Some positive news from Doullens when I got there is the appointment of Ferdinand Foch to overall command of all our forces. He has the skill and diplomatic finesse which will get strong performance from the BEF and American commanders. For too long, I suspect, national priorities have weakened our response to the unitary German command. Two days later General Gough was sacked. the price of his Army being pushed back forty miles. With his going, morale is being restored, our Australian and Canadian troops helped recapture Moreuil Wood. The momentum of the Boche advance has been slowing for the past two days, it is clear our troops have exerted a high price in German casualties for their advance. This is despite the criticism of their performance from those not close to the action.

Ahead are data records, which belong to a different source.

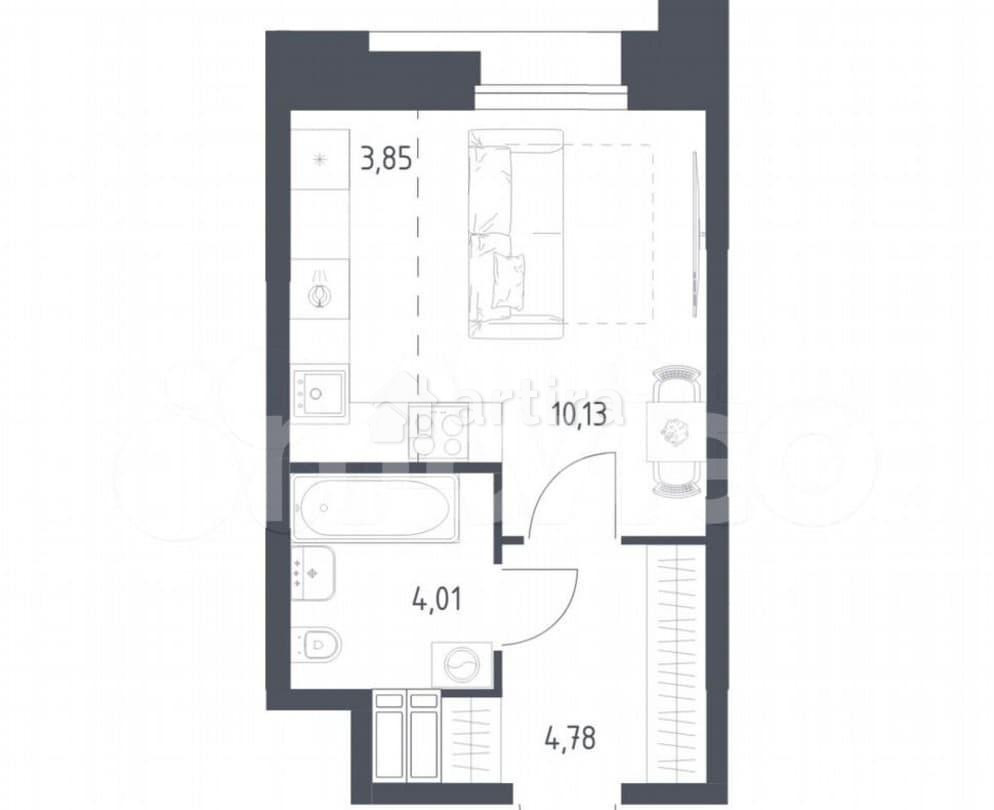 Студия, 22.8 м2, 3/23 эт. Москва - изображение 1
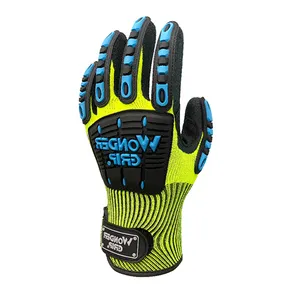 Experience Exceptional Impact Protection ANTI-IMPACT High-performance Fluorescent Yellow Polyester Nitrile Rubber Work Gloves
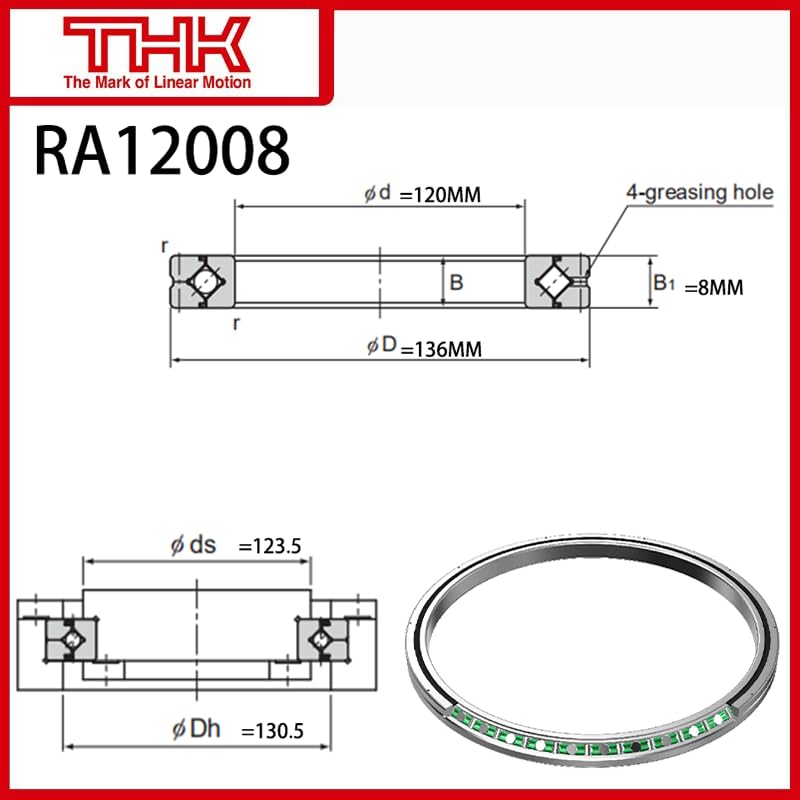 THK Cross Roller Ring Inner and Outer Ring Rotation RA12008 RA12008UUCC0 RA12008UUC0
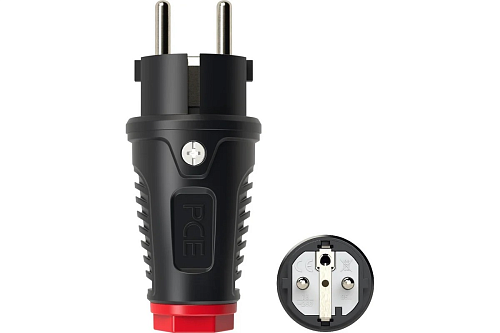Вилка каб 16A 250V 2P+E IP54 корпус черный. маркер красный 0521-sr (PCE Австрия)
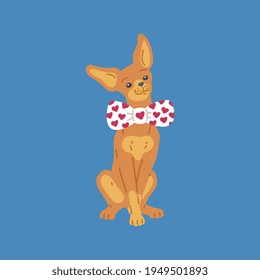 Funny dog character with bow with hearts, flat vector illustration isolated.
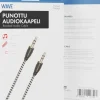 audiokaapeli punottu 1 m 3,5 mm musta/valk.>Wave New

An urgent telegram has reached me at the Amiens railway centre when I arrived there from Doullens. Delphine has let me know that Thom is determined to enlist, he no longer is happy to read of boys not much older going over to France. He threatens to lie about his age. I have put to Delphine that she approach Sir Percy about Thom being asked to be recruited into the cavalry as a groom. I do not want him to lie about his age and he would not be allowed to serve in the trenches. Helping the British Empire needs men with all skill, not just military. I have confidence that when we halt the offensive and begin to push back the enemy, we shall need the cavalry and their magnificent horses.